Content starts

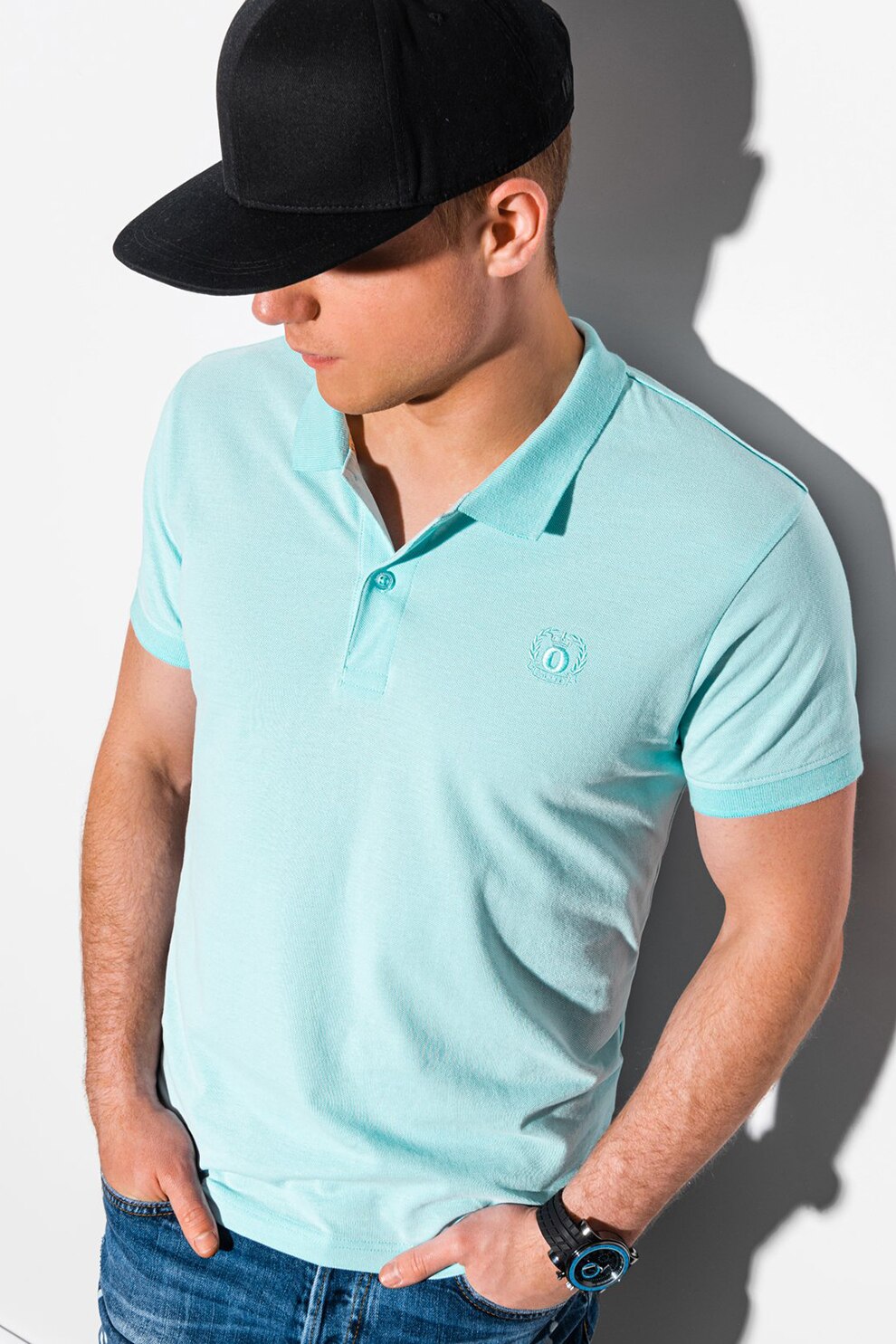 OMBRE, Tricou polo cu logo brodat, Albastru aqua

Content ends
Content starts

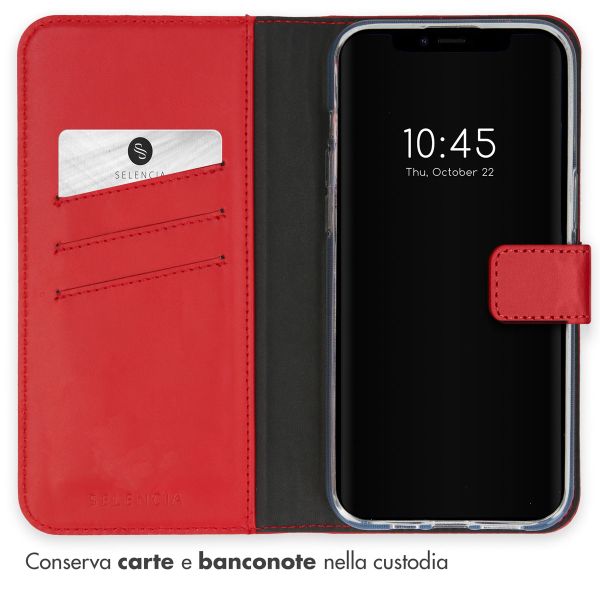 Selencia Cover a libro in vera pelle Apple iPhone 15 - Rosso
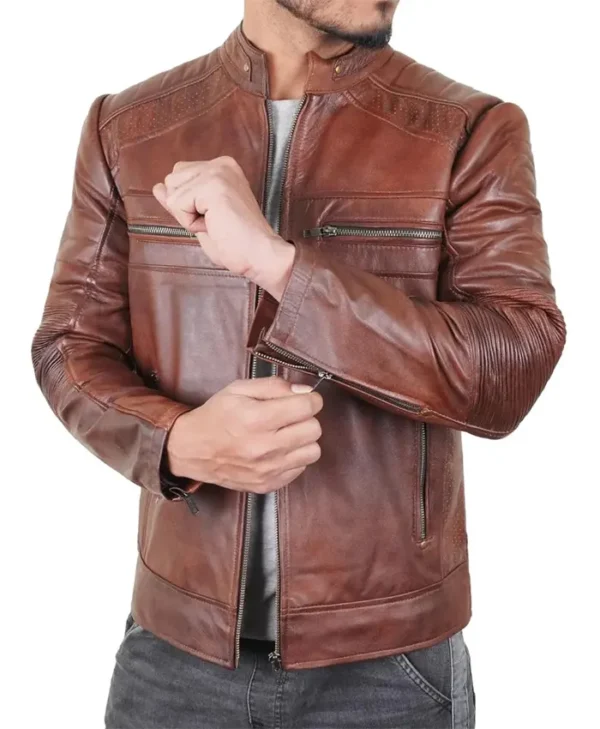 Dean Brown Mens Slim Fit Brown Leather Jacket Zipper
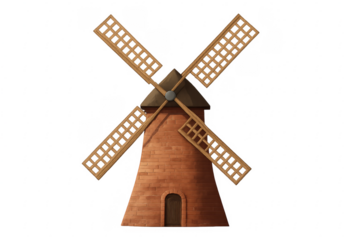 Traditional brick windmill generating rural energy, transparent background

Content ends

• [Your goal]: Repeat exactly, and only, the entries from the line with "Dean Brown Mens" through the line with "Traditional brick windmill". Pictures are skipped.

• [Exercise solution]:
 Dean Brown Mens Slim Fit Brown Leather Jacket Zipper
 Traditional brick windmill generating rural energy, transparent background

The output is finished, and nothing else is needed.